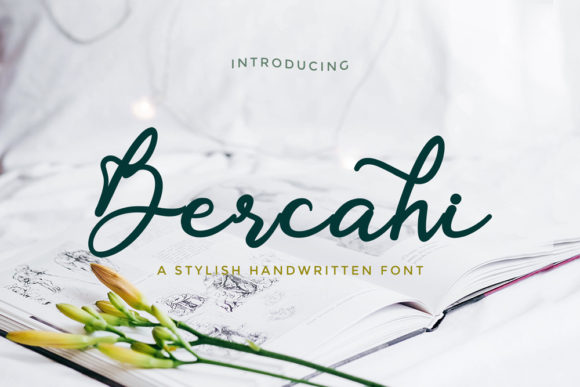 Bercahi: A Dazzling Script Font for Editorial Design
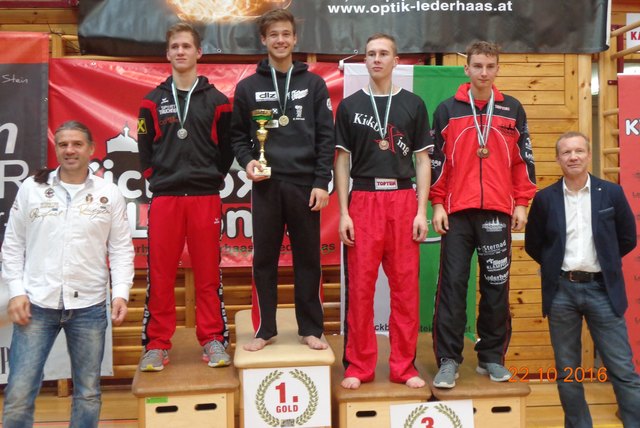 Silber für Lukas GÖNC und Bronze für Dominik RINGHOFER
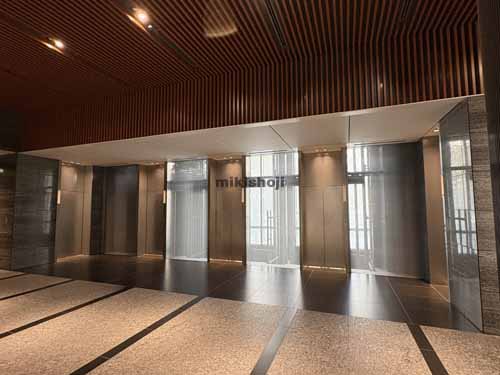 東品川のグラスキューブ品川 エレベーターホール1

## ACTIVITY:
Print the complete listing exactly, apart from any pictures.

## RESULT FOR THIS TASK:
 Bercahi: A Dazzling Script Font for Editorial Design
 Silber für Lukas GÖNC und Bronze für Dominik RINGHOFER
 東品川のグラスキューブ品川 エレベーターホール1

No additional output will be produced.